My philosophy on disclosing restaurant inspection information hasn’t wavered much in the past 10 years: Make inspection results public and communicate them meaningfully to help patrons make decisions. There’s a patchwork approach to disclosure throughout the world: happy faces, letter grades, number grades or the not-well-used barf-o-meter.
Whatever the system is, it’s necessary to pull back the curtain on what happens when inspectors are around. The transparency not only builds trust in the system, but also allows folks to choose businesses based on their own risk tolerance.
According to Australia’s Fraser Coast Chronicle, businesses will be provided with a rating score but will not be required to post it. The hope is that businesses receiving a stellar score will see the marketing advantage and will voluntarily post the ratings – while those not posting due to less-than-ideal ratings will raise their level of attention to get the higher rating.
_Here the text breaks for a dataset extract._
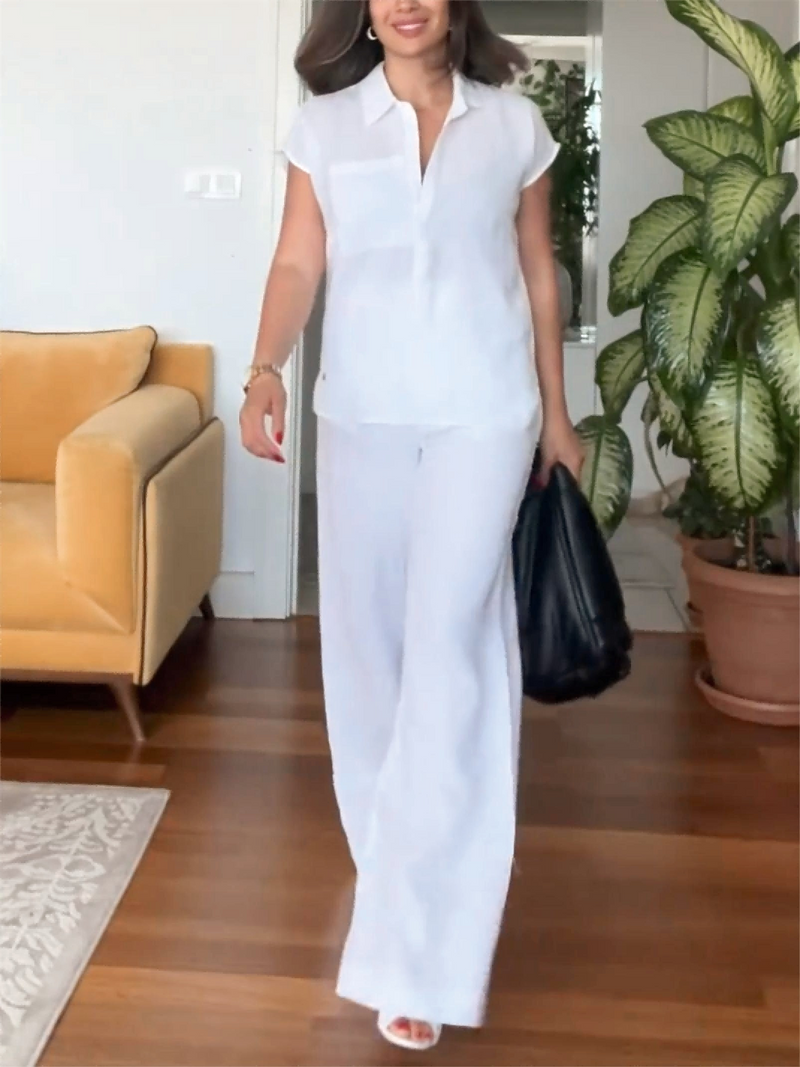 Gracefully Styled Pants for Any Occasion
Businesses will not be forced to display their ratings but the thinking is those with better scores will display to gain customer trust and improved trade.
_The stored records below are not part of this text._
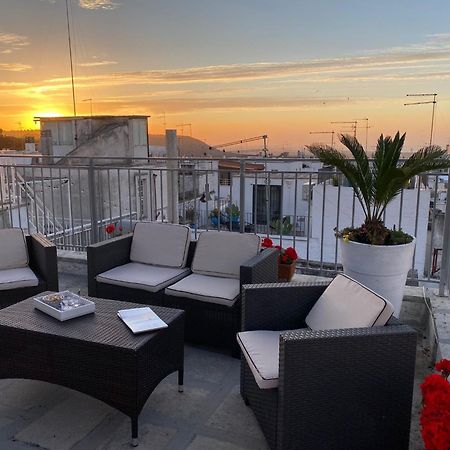 800S Home Luxury Rooms Ostuni Dış mekan fotoğraf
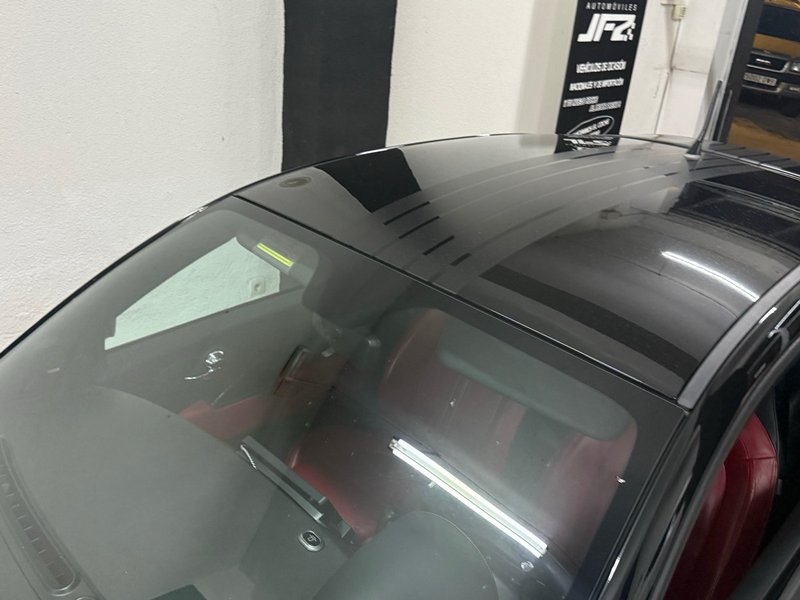Abarth 500 2010, foto 15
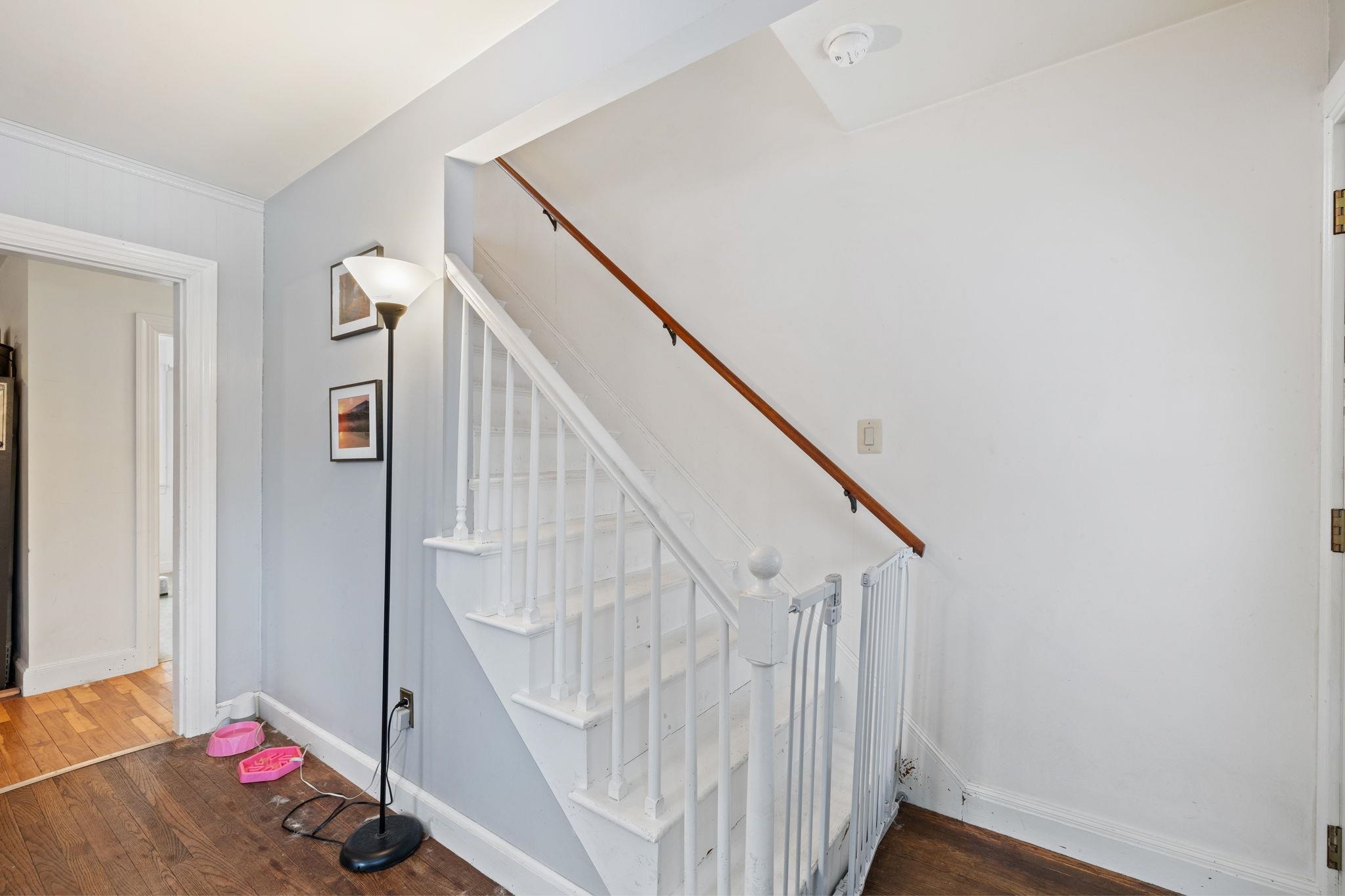 58 Arnold Street Manchester, NH 03102 - Photo 22 of 50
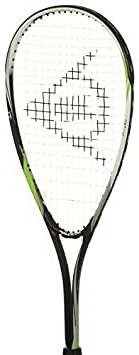 Dunlop Raquetas de Squash (Nanomax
A report showed those with a lower rating would be made to pay more fees, while the businesses that scored better paid less because fewer inspections were needed.
Joep Dekker from Wild Lotus in Hervey Bay said he would proudly display his score.
He said he was confident of a strong rating because he knew his business had high standards when it came to cleanliness.
“It is something to be proud of, a good score,” he said.
According to the Journal Gazette, Fort Wayne-Allen County (Indiana) health department is taking a different path to disclosing inspections: Moving to a risk-based rating and a corresponding smartphone ap.
Ann Applegate, director of the health department’s Food and Consumer Protection Division, said her department is considering programs from across the country to find a good match for the county.
“We have been looking at several different models of these restaurant grading systems and seeing how we can implement those into what we currently have,” Applegate said.
The new grading scale or points system would place more emphasis on risk-based violations, making it easier for the public to understand the severity of the violation.
[Mindy] Waldron said the department is also in the process of developing an app for smartphones that would allow people to view public documents such as food and beverage inspections.